Africa Cup of Nations: A football celebration overshadowed by tragedy


In our series of letters from African writers, Algerian-Canadian football journalist Maher Mezahi, who is in Cameroon to cover the Africa Cup of Nations, reflects on how the recent deaths of fans at a stadium has left him with mixed feelings about the tournament.

Short presentational grey line

When I was first asked to do a piece about my impressions about the tournament in Cameroon, I had wanted to compile a list of the things that make it so special and sets it apart from other major football competitions.

I was planning to celebrate African football.

After all, Afcon is a special tournament, adored by everyone on the continent and intrinsically linked to pan-African values.

The first two in 1957 and 1959, for example, were used in part as a statement against apartheid in South Africa.

Players, fans and journalists have all spoken about how it is closer to the true spirit of football, rather than the more sanitised and corporate tournaments elsewhere.

There is also the warm and friendly atmosphere as well as the pride that Afcon creates in all countries across the continent.

A carnival of super fans

Amongst the positive things are the medical protocols to deal with Covid-19, including pulmonary scans.

These are among the strictest in world football and intended to prevent any medical emergencies.

On the terraces, everyone lauds the carnival-like atmosphere that African football supporters manage to generate.

Recognisable super fans are present at every biennial championship.

GETTY IMAGES: Super fans are what makes Afcon special

Take Tunisia’s “Reda The Elephant”, who covers his belly in body paint has the best goal reactions, or Ivory Coast’s “Petit Bamba”, who orchestrates the National Elephants’ Supporters Committee dance moves.

“The atmosphere is so pure,” says Alex Cizmic, an Italian freelance journalist, who has often been amazed at the relaxed atmosphere around the teams.

“In 2019 in Egypt, I was fortunate enough to attend one of the Uganda Cranes’ training sessions. When it was over, I had a chat with star striker Farouk Miya, who I had never met before,” he recalls in a surprised tone.

“Then I arranged a quick call with his former coach Milutin Sredojevic, who I was in contact with. It all felt very familial.”

And smaller nations have shone.

The Gambia and Comoros were debutants in this edition of the tournament, and they have done their nations proud.

Before The Gambia played their first match against Mauritania, I asked a Gambian friend to write down what he felt as the anthem was playing.

“I felt a real sense of pride, love for country, and honour hearing the Gambian national team anthem for the first time,” he said.

“When the first goal went in, I couldn’t do anything. Deep inside of me I was just proud, knowing what the goal means. It really united our country.”

Abandoned shoes

But in one evening, all of the positive aspects of the Afcon have been overshadowed by a tragedy of unspeakable proportions.

As hosts Cameroon were set to play their second round match against Comoros at the new Olembe Stadium in the capital, Yaoundé, a bottleneck began to build outside.

At around 19:30 local time, just half an hour before kick-off, thousands of fans were stuck in a crush that ended up killing eight people, including an eight-year-old boy, according to Cameroonian authorities.

I had arrived at the stadium earlier in the afternoon, but even several hours before the match started, the incessant cordoning off of spectators was irritating.

I have been to football matches in seven African countries and every time I make the same observation: there are so many police officers and so little safety.

For a stadium with a capacity of 60,000, it seemed extremely odd that journalists, supporters and everyone who was not a VIP were being ushered in through the same gate outside the campus.

Covid-19 testing and screening for vaccines further slowed down passage into the stadium.

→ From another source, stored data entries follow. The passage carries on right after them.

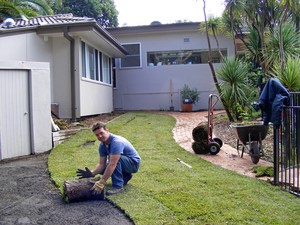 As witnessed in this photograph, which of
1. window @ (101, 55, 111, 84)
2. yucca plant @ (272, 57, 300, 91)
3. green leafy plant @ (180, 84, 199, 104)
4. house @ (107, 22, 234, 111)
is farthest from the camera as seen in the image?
house @ (107, 22, 234, 111)

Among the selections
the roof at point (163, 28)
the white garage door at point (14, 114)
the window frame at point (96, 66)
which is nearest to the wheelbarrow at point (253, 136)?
the white garage door at point (14, 114)

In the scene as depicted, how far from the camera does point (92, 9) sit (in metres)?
31.6

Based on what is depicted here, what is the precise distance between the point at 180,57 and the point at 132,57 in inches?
100

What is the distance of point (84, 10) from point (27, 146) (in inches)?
1024

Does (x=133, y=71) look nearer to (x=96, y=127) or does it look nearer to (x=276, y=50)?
(x=276, y=50)

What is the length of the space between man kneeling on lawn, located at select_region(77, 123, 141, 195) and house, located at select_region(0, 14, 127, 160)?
3.52 metres

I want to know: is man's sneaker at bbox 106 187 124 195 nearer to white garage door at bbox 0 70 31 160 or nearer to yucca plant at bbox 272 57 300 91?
white garage door at bbox 0 70 31 160

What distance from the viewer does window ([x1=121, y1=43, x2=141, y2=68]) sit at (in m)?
18.0

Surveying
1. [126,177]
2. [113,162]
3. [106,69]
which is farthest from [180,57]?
[113,162]

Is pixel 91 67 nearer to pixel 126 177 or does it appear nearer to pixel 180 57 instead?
pixel 180 57

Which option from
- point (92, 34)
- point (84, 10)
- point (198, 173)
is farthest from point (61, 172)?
point (84, 10)

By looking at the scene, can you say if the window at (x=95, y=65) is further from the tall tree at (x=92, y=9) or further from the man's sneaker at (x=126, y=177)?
the tall tree at (x=92, y=9)

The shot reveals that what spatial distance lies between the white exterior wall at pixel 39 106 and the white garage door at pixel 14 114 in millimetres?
89

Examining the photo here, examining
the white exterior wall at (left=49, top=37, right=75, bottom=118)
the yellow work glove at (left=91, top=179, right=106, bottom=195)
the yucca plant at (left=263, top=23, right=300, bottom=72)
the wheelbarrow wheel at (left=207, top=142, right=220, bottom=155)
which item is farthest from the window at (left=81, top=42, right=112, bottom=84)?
the yellow work glove at (left=91, top=179, right=106, bottom=195) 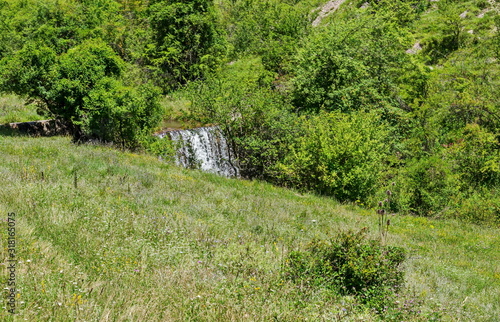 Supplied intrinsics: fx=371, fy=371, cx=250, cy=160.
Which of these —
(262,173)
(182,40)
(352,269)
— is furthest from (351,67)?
(352,269)

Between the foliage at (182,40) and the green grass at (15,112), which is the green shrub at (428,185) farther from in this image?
the green grass at (15,112)

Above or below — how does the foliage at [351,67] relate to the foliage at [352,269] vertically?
above

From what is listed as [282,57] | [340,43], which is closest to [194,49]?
[282,57]

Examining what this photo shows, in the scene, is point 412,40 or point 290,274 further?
point 412,40

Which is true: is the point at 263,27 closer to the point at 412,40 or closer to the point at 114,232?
the point at 412,40

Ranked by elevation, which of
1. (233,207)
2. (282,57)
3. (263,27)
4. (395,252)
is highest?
(263,27)

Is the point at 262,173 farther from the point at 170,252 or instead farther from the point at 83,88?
the point at 170,252

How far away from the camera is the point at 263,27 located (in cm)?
3438

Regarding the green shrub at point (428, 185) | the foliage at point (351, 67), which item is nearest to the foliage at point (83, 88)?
the foliage at point (351, 67)

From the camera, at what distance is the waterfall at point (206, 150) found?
2088 cm

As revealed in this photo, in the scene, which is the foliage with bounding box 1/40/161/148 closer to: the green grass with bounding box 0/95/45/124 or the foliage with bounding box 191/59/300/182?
the foliage with bounding box 191/59/300/182

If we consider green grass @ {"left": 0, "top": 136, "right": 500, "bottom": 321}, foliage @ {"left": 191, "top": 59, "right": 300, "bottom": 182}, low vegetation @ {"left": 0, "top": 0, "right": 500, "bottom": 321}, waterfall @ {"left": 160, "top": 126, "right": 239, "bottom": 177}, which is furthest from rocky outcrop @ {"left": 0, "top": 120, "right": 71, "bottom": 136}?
green grass @ {"left": 0, "top": 136, "right": 500, "bottom": 321}

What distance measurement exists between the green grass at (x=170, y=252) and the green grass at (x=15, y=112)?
1175 cm

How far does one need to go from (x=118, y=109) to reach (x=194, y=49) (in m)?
20.5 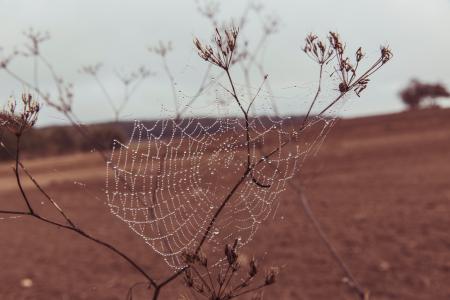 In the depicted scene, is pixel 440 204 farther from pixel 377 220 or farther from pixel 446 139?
pixel 446 139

I did not know what had transpired until late in the second half when a colleague nudged me in the ribs and whispered: “There’s trouble outside.”

We ran out, but there was nothing to see.

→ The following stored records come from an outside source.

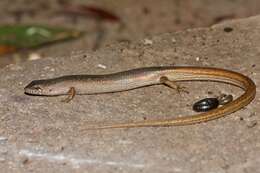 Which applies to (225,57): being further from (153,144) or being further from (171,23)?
(171,23)

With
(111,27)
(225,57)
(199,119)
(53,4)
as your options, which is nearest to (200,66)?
(225,57)

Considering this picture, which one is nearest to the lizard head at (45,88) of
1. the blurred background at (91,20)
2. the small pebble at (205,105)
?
the small pebble at (205,105)

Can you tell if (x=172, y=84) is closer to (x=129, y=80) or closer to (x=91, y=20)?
(x=129, y=80)

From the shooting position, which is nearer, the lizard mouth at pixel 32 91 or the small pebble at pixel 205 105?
the small pebble at pixel 205 105

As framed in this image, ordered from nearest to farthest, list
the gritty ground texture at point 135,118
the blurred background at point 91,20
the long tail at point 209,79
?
the gritty ground texture at point 135,118 → the long tail at point 209,79 → the blurred background at point 91,20

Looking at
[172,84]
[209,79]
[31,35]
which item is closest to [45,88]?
[172,84]

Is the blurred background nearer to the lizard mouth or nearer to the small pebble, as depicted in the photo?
the lizard mouth

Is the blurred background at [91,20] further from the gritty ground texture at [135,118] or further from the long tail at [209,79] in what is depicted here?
the long tail at [209,79] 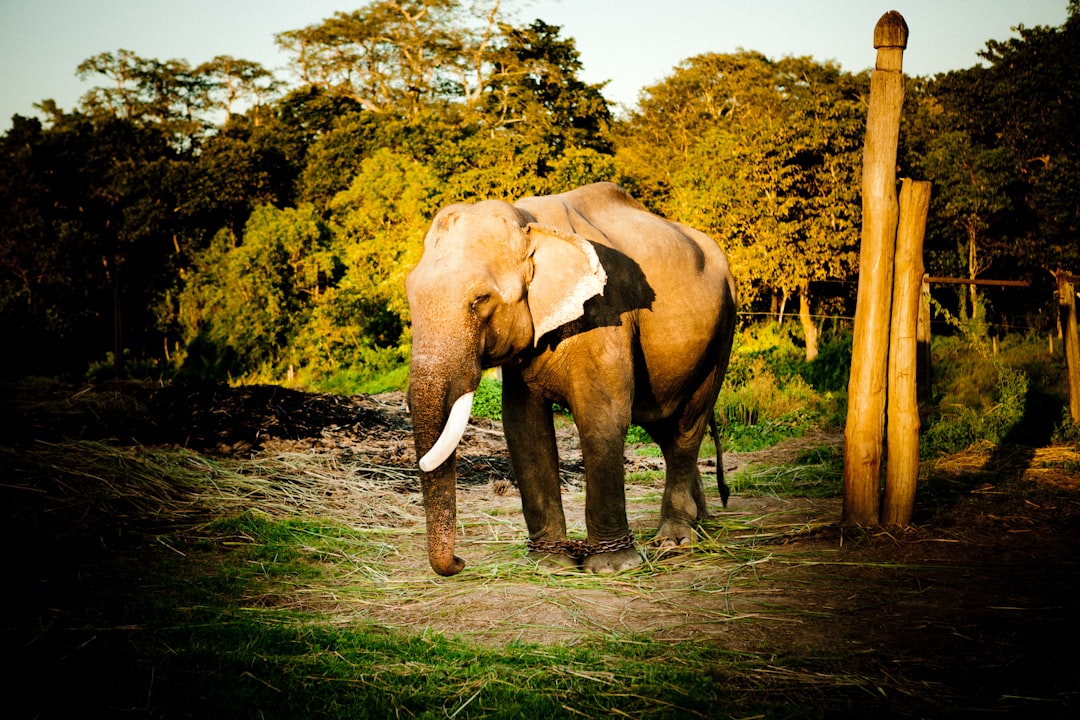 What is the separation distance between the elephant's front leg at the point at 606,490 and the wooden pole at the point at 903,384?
2120 millimetres

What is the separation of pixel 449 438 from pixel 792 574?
2487 millimetres

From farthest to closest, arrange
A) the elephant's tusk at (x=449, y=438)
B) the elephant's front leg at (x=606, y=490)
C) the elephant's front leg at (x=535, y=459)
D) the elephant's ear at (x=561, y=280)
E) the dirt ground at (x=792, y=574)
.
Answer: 1. the elephant's front leg at (x=535, y=459)
2. the elephant's front leg at (x=606, y=490)
3. the elephant's ear at (x=561, y=280)
4. the elephant's tusk at (x=449, y=438)
5. the dirt ground at (x=792, y=574)

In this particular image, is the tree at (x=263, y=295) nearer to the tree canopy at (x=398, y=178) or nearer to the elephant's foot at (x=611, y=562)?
the tree canopy at (x=398, y=178)

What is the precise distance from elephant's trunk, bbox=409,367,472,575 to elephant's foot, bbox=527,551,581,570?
104 centimetres

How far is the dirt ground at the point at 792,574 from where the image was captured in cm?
432

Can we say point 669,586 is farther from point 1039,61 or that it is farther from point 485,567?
point 1039,61

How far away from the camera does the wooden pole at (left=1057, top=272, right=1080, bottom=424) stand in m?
11.1

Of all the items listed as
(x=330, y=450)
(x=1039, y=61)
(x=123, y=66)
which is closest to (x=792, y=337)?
(x=1039, y=61)

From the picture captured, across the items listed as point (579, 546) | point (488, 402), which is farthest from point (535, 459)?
point (488, 402)

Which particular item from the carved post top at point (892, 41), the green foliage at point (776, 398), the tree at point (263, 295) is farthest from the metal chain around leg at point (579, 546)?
the tree at point (263, 295)

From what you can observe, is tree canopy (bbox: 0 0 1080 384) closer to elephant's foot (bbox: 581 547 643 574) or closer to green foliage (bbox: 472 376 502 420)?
green foliage (bbox: 472 376 502 420)

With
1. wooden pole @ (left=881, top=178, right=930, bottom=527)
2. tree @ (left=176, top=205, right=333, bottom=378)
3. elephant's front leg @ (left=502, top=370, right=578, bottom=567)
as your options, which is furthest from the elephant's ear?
tree @ (left=176, top=205, right=333, bottom=378)

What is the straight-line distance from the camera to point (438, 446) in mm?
5117

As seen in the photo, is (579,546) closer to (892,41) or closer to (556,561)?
(556,561) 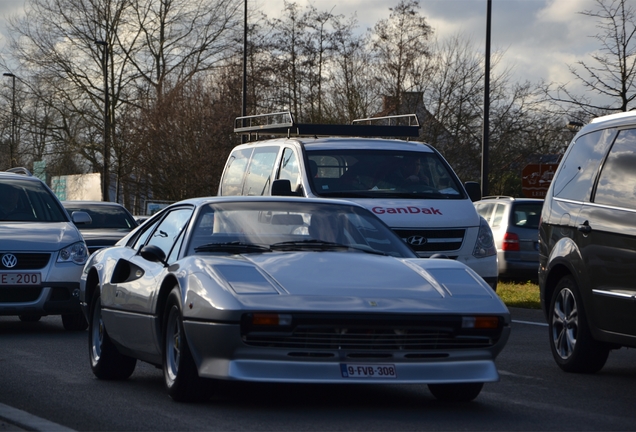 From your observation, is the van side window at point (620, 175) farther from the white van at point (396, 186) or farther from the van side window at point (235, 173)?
the van side window at point (235, 173)

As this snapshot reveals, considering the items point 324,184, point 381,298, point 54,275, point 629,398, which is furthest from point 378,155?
point 381,298

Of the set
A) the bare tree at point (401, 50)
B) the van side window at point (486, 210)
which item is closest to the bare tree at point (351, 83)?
the bare tree at point (401, 50)

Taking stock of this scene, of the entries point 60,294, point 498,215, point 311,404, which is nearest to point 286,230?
Result: point 311,404

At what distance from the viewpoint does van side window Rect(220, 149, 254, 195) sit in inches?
612

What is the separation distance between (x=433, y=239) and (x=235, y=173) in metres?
4.04

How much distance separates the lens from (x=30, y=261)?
474 inches

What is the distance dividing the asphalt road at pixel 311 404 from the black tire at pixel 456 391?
0.06 metres

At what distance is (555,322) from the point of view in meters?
9.26

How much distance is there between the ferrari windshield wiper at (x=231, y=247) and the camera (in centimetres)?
714

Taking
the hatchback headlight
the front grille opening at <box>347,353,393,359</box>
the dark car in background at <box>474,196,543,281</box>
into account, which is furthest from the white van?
the front grille opening at <box>347,353,393,359</box>

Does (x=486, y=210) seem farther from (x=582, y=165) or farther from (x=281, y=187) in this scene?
(x=582, y=165)

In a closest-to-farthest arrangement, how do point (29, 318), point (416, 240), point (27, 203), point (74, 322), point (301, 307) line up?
point (301, 307) → point (74, 322) → point (416, 240) → point (27, 203) → point (29, 318)

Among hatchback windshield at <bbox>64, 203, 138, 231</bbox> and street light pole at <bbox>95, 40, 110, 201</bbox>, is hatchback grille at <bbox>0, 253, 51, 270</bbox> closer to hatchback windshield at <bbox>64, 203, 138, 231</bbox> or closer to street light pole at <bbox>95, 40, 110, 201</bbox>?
hatchback windshield at <bbox>64, 203, 138, 231</bbox>

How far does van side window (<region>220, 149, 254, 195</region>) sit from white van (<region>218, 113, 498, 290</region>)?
501 millimetres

The only evidence of any problems was a handful of shoes and articles of clothing strewn on the ground.

A few minutes later rumours of deaths began filtering through.

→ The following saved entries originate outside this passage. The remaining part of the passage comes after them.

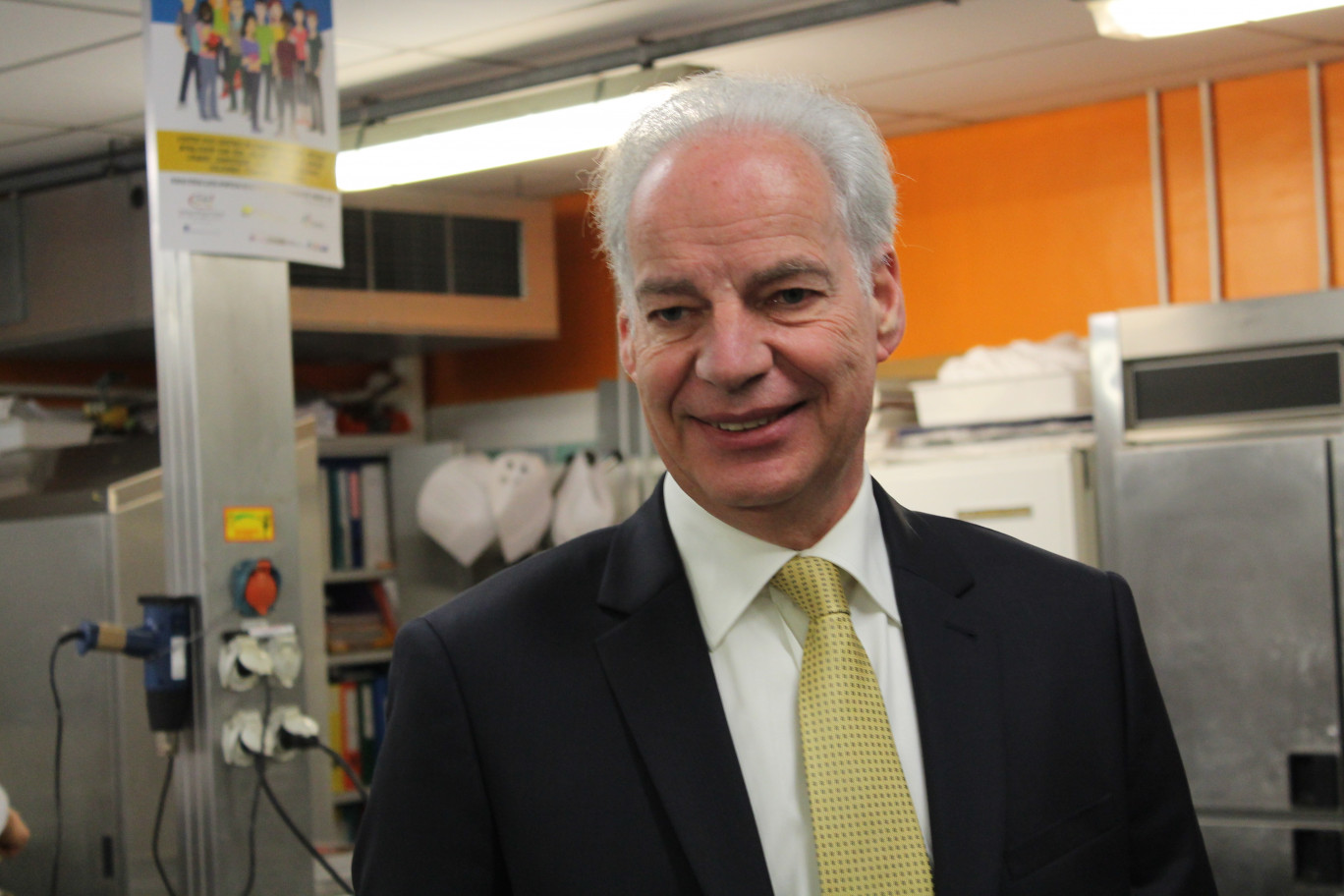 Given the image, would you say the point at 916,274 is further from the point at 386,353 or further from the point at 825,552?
the point at 825,552

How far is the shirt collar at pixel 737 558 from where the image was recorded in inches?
46.1

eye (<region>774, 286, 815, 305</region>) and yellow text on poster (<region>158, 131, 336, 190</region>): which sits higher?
yellow text on poster (<region>158, 131, 336, 190</region>)

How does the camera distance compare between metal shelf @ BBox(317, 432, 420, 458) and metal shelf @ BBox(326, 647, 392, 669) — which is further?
metal shelf @ BBox(317, 432, 420, 458)

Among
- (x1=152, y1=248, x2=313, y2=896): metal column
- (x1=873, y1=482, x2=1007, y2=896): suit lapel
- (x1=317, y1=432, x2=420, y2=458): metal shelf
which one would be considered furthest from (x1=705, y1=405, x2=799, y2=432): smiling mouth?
(x1=317, y1=432, x2=420, y2=458): metal shelf

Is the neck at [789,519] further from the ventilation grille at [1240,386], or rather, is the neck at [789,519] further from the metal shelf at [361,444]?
the metal shelf at [361,444]

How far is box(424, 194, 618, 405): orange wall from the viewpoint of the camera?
229 inches

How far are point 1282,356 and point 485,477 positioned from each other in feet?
9.11

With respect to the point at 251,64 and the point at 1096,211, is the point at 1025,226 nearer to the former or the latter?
the point at 1096,211

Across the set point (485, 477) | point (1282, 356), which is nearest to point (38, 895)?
point (485, 477)

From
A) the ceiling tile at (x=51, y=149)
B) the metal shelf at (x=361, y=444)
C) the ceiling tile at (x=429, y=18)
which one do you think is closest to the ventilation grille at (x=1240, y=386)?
the ceiling tile at (x=429, y=18)

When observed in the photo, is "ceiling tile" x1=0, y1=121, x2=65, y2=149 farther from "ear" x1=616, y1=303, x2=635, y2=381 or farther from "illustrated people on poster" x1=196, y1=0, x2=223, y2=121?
"ear" x1=616, y1=303, x2=635, y2=381

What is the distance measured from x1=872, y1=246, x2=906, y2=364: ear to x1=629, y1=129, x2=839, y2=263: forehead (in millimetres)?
87

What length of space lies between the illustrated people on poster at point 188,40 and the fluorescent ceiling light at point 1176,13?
5.11 feet

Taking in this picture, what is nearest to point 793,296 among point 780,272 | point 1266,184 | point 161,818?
point 780,272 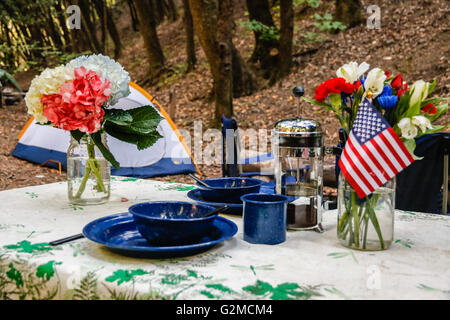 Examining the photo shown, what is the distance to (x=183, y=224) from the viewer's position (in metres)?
1.07

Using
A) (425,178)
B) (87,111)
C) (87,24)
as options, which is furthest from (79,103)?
(87,24)

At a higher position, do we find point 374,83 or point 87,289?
point 374,83

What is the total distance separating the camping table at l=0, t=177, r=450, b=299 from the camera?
0.90 metres

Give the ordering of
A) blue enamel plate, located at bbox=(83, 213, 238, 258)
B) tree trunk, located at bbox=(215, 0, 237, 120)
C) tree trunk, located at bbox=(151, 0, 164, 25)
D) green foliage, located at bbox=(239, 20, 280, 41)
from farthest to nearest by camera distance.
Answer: tree trunk, located at bbox=(151, 0, 164, 25) < green foliage, located at bbox=(239, 20, 280, 41) < tree trunk, located at bbox=(215, 0, 237, 120) < blue enamel plate, located at bbox=(83, 213, 238, 258)

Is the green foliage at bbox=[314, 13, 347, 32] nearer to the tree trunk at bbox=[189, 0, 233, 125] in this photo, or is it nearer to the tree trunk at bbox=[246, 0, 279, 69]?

In the press room, journalists began sharing documents that listed the victims as well as videos of the tragedy.

Abandoned shoes were the only evidence that there had been a problem before the match

The following morning the Confederation of African Football (Caf) accepted shared responsibility for the incident and presented its condolences to the families.

But matches were not postponed and the tournament is continuing.

I do not think games should have taken place on Tuesday – the day after the tragedy.

It seemed disrespectful to the families, and everyone involved in the competition is still trying to process what happened.

It does not feel like a time to talk about or celebrate football.